Mademoiselle de Maran était-elle instruite de tout? c'est ce que je ne savais pas encore. Néanmoins je m'attendais cette fois à un mouvement de colère de Gontran.
Je fus presque effrayée en le voyant écouter mademoiselle de Maran avec le même calme insouciant; il haussa les épaules, sourit en me regardant et répondit:
– Cela n'est plus ni une calomnie, ni une stupidité, cela tombe dans le roman, dans le surnaturel. Est-ce tout, madame? vos correspondants ne vous mandent-ils rien de plus? Ce serait dommage de s'arrêter en si bon chemin.
– Non, certainement, ça n'est pas tout! – s'écria ma tante, ne pouvant plus contenir sa rage, – je vous ai dit ce dont les gens les plus respectables étaient convaincus… maintenant je dois vous dire quels seront les effets de ces convictions… Ils vous seront joliment agréables, ces effets-là! Quoique vous criiez au roman et au surnaturel, vous et votre femme, vous aurez tout simplement l'inconvénient d'être partout montrés au doigt et de ne pas recevoir un salut sur dix que vous ferez. Ça vous étonne? Vous allez peut-être dire que c'est de la magie? rien de plus simple pourtant.
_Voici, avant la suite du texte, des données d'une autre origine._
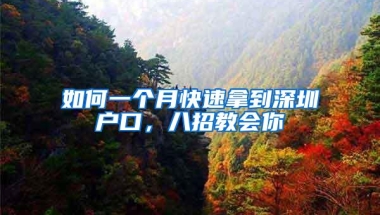 如何一个月快速拿到深圳户口，八招教会你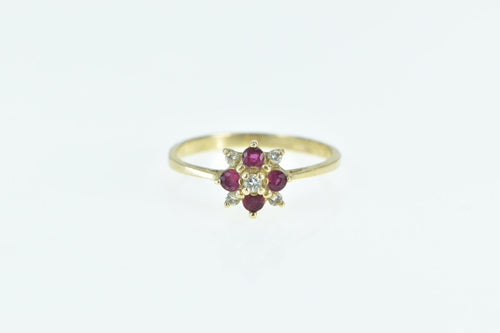 14K Ruby Diamond Floral Vintage Engagement Ring Yellow Gold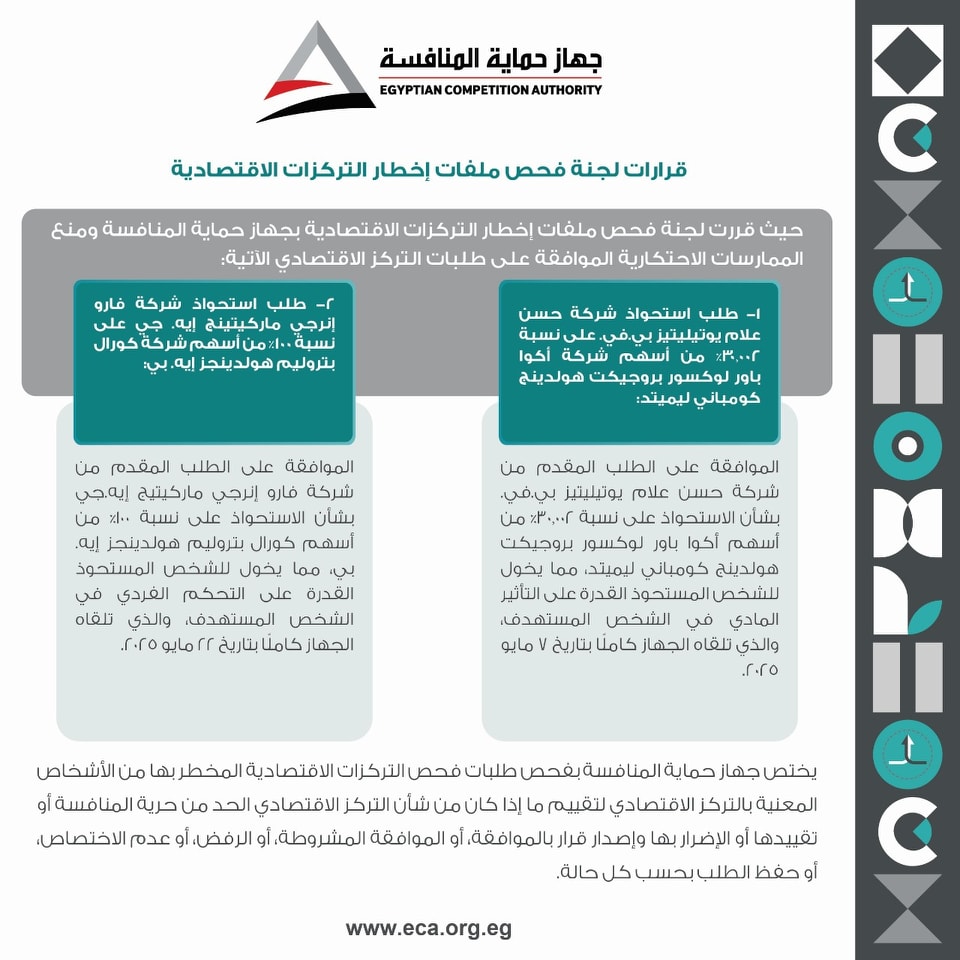 حماية المنافسة يوافق على استحواذ حسن علام 30% من أسهم أكوا باور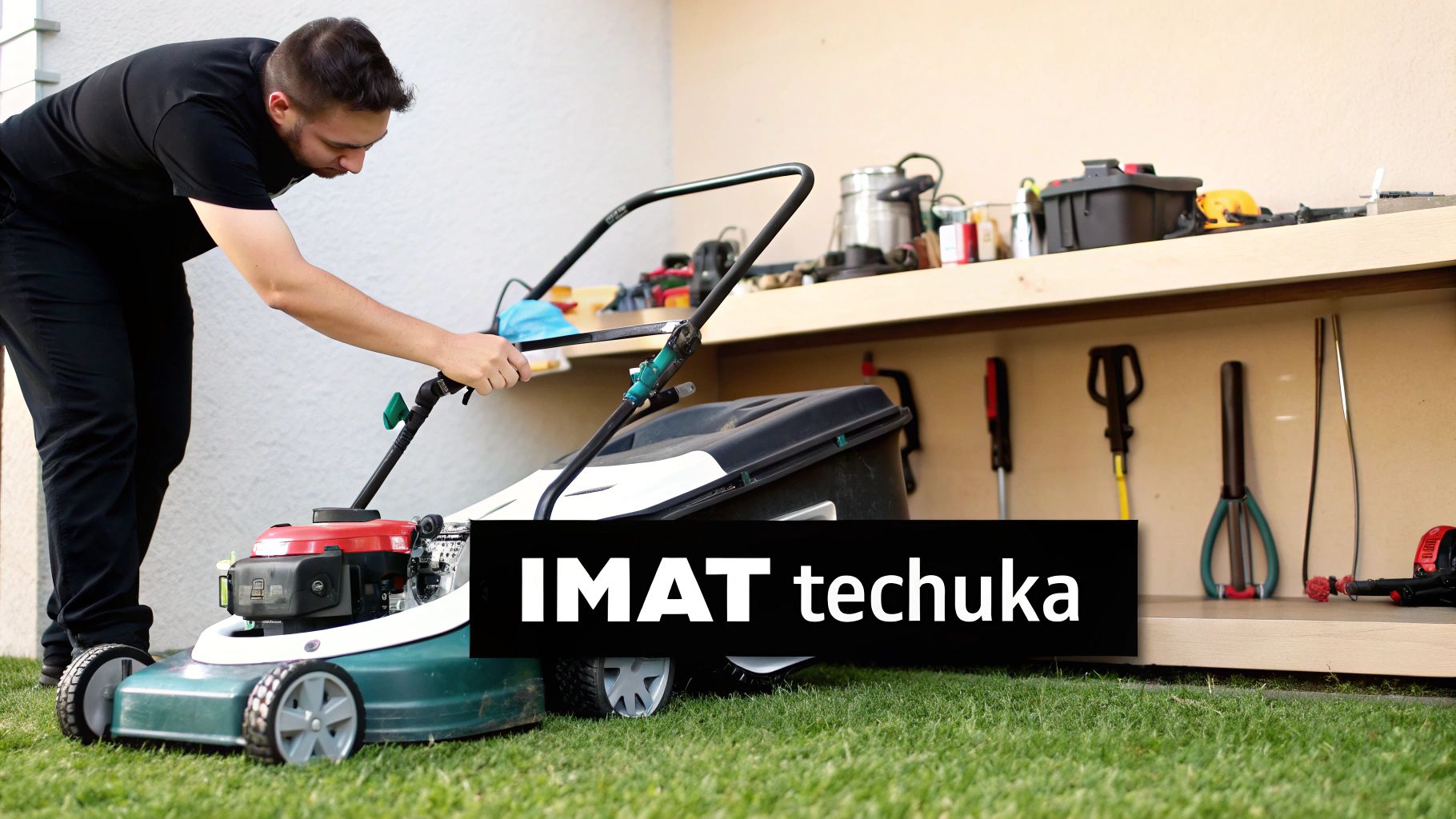 גבר מפעיל מכסחת דשא על דשא ירוק בגינה, כאשר מדפים עם כלי עבודה נראים ברקע.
Je vais vous démontrer cela, toujours d'après mon petit jugement… Ou l'on croira que votre femme a sacrifié son honneur pour sauver le vôtre, mon garçon, et vous passerez pour un misérable… ou bien l'on croira que votre femme a cédé à son goût pour Lugarto, et elle passera pour une indigne, sans compter que dans cette circonstance encore on vous regardera comme le dernier des hommes, vu que vous avez toléré ce goût-là, soit parce que vous deviez de l'argent à vilain homme, soit parce que votre femme vous ayant apporté toute sa fortune vous trouvez plus politique et plus économique de fermer les yeux.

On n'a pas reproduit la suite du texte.